My love for digging clay and making pots began as a young child. I have beautiful memories of digging soft pliable red clay out of a friends back garden to make little pinch pots. We’d leave them to dry in the baking summer sun and later use them for making rose petal perfume. It’s this innocent sense of play, magic and wonder that ignited my interest in working with clay.
The landscape around me is rich in clay and ancient history. When walking in the fields and common land surrounding the village of Corfe Castle where I grew up and live today, it’s easy to imagine our bronze age ancestors in their thatch and cob roundhouses, the air filled with wood smoke and communities farming, preserving and making pottery. Gathering and processing raw materials from the earth to make pottery was fundamental to their survival, clay being a necessary and integral part of our ancient culture.
Partly a romanticised vision of the past and partly in response to the damage and high carbon footprint caused by the quarrying, storage and transportation of ceramic materials, I felt an overwhelming urge to form a deeper connection to the landscape, the past and my inner child.
The Clay
The clay I collect from around Corfe Castle is a ‘Wealdon Clay’. It has a high iron content which creates a varied palette ranging from a beautiful sunshine orange to a deep burgundy red.
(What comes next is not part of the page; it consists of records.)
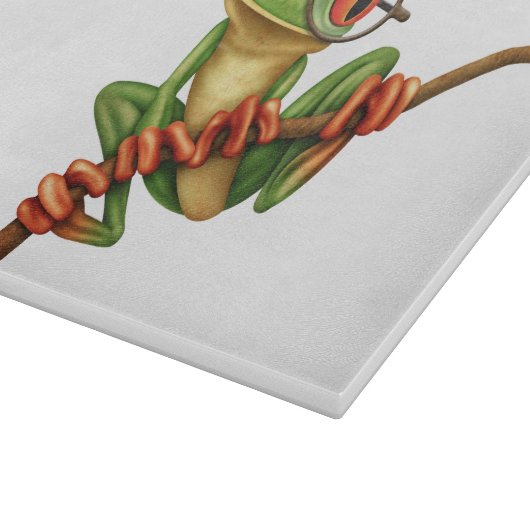 白の目ガラスを持つかわいい緑のアマガエル カッティングボード (角)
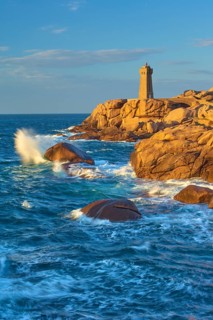 Lighthouse, Phare de Mean Ruz or Phare de Ploumanach, in the foreground rocky coastal landscape,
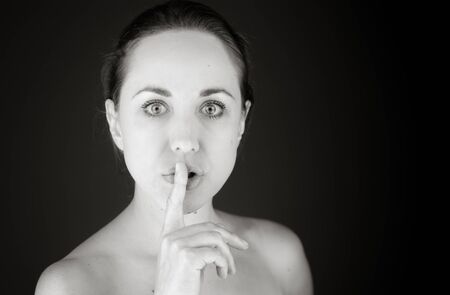 model isolated with finger on lips secretの写真素材
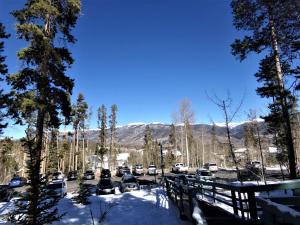 a parking lot with cars parked in the snow at Treehouse 2 bed 2 bath C THWC in Silverthorne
The clay fires at a low temperature and was used historically for making functional ware such as storage jars to the present where it’s used for making hand made bricks. A little further afield, my pottery studio in Furzebrook is surrounded by ‘Ball Clay’ which is best known for being Josiah Wedgewood’s ‘secret ingredient’. This high firing ball clay is an extremely rare rock, only found at a handful of locations around the world and is valued as a base material in the manufacture of ceramics with numerous uses from floor tiles to fertiliser! Today, the local ceramics industry goes mostly unnoticed and we have all but forgotten our clay heritage.
The Journey
When I began this journey I had absolutely no idea what form my new work would take which was terrifying but incredibly exciting! I’ve kept a diary of thoughts, details of research and experiments which I’ve presented in my blog.